Photo by Canaria-san

マイウェイ
 
 
娘がお腹にいるとき、電子オルガンの講師としての私は、少し焦っていました。
子供が産まれたら、もうオーディションを受けることもできない・・・産む前に早く次のオーディションに受からなければ・・・そんな思いが強かったのです。

 本来二週間に一回でいいレッスンを毎週にしていただき、だんだん大きくなってくるお腹を抱えて、先生の所に通っていました。
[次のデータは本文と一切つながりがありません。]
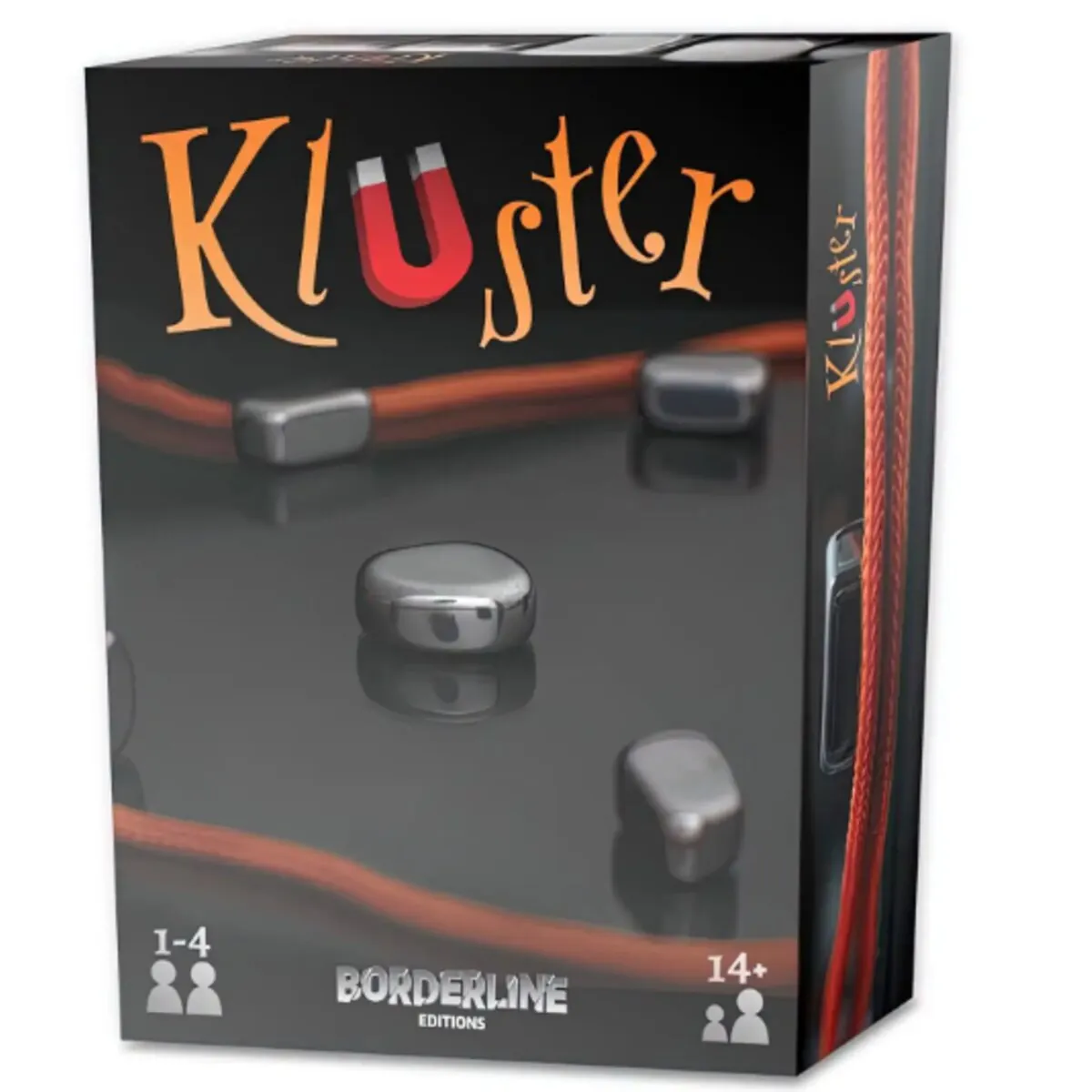 Elliot KLUSTER - das Magnetspiel Borderline Editions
 オーディションの自由曲として選んだ曲が,"マイウェイ”でした。
筆記テストは無事合格し、課題曲のテストも何とか終了。

さあ、次は自由曲の演奏です。緊張のうちにその時はやってきました。
狭いオーディションルーム。背後には二人の試験官。
音色の設定、リズムの設定・・・。
マタニティウェアの私の緊張は、お腹の中の娘にも伝わっていた・・・?

設定ができました。
何度も何度も練習したこの曲を弾きはじめます・・・。


あ〜!何と言うこと!
テンポが遅すぎる・・・!

もしかしたら、すぐに設定し直して弾いたら良かったのかも知れません。
でも、その時の私は"弾き直しはダメ!とにかく前に進むしかない!”・・・そう思いこんでいました。
緊張のためか遅い遅いテンポにセットしてしまったリズムボックスに合わせて、超スローテンポのマイウェイを演奏し続けました。
もちろん、不合格はしっかりと自覚しながら・・・。


無念のマイウェイ。
でも、音楽にひたむきだったあの頃の私を思い出させてくれるマイウェイでもあるのです。